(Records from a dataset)
%%

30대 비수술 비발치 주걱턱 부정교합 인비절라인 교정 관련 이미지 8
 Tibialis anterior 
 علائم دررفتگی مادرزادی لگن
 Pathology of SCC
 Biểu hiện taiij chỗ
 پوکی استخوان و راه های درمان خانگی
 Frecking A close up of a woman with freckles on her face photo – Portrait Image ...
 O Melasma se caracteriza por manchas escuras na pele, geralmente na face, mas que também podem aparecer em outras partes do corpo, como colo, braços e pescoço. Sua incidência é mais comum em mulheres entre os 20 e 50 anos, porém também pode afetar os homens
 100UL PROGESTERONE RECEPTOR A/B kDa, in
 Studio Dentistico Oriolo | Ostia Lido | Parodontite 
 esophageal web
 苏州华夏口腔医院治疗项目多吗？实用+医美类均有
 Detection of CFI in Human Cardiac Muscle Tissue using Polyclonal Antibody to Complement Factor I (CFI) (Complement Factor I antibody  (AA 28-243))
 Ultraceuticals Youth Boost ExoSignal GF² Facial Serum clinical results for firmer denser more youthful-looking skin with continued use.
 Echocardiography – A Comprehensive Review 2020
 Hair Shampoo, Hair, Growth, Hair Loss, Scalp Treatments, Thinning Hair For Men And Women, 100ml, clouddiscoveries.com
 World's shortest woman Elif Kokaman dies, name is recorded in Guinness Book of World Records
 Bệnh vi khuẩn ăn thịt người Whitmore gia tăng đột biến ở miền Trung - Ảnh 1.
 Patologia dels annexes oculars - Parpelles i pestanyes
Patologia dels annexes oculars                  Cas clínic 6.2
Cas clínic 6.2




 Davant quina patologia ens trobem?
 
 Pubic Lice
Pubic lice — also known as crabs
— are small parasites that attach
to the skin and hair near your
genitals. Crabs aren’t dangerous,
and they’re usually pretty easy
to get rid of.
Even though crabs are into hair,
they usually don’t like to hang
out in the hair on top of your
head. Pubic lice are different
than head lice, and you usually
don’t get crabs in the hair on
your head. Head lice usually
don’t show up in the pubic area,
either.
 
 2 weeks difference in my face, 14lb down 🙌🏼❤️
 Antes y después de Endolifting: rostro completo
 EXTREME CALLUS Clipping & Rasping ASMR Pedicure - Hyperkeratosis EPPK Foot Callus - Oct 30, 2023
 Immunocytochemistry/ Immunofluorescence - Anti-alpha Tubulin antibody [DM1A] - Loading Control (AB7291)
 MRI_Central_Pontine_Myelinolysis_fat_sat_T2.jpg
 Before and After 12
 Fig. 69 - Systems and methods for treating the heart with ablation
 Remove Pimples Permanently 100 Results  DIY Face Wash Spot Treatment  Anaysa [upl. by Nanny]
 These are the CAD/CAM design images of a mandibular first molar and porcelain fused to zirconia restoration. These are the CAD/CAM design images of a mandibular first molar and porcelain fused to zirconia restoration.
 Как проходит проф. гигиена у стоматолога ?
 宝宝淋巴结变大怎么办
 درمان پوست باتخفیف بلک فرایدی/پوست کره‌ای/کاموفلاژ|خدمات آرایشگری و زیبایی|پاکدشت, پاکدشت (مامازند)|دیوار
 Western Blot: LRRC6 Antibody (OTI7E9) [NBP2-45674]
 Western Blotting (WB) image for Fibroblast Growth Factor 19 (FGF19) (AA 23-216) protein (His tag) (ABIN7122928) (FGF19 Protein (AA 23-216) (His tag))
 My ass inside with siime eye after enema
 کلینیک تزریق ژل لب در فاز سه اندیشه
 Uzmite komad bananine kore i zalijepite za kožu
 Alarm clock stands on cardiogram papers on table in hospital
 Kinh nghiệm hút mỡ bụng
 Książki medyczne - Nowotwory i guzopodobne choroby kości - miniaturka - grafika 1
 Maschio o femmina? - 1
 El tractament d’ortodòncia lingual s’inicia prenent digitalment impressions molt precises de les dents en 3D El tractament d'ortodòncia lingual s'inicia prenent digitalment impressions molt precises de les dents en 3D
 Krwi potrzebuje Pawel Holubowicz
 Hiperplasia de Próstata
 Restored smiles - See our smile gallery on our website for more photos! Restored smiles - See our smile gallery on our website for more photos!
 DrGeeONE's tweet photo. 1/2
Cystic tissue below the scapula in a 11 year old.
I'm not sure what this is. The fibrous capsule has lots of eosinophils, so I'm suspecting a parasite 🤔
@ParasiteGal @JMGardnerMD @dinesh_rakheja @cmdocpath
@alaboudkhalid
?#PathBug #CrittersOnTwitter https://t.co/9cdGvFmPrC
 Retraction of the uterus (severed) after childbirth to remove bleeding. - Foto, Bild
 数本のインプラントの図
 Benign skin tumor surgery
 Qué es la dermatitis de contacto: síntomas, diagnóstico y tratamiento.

%%

Using the entries above, give again exactly the lines from the line holding "don’t show up" through the line holding "Immunocytochemistry/ Immunofluorescence - Anti-alpha". Include both end lines and nothing else.

Answer to the exercise →
don’t show up in the pubic area,
either.
 
 2 weeks difference in my face, 14lb down 🙌🏼❤️
 Antes y después de Endolifting: rostro completo
 EXTREME CALLUS Clipping & Rasping ASMR Pedicure - Hyperkeratosis EPPK Foot Callus - Oct 30, 2023
 Immunocytochemistry/ Immunofluorescence - Anti-alpha Tubulin antibody [DM1A] - Loading Control (AB7291)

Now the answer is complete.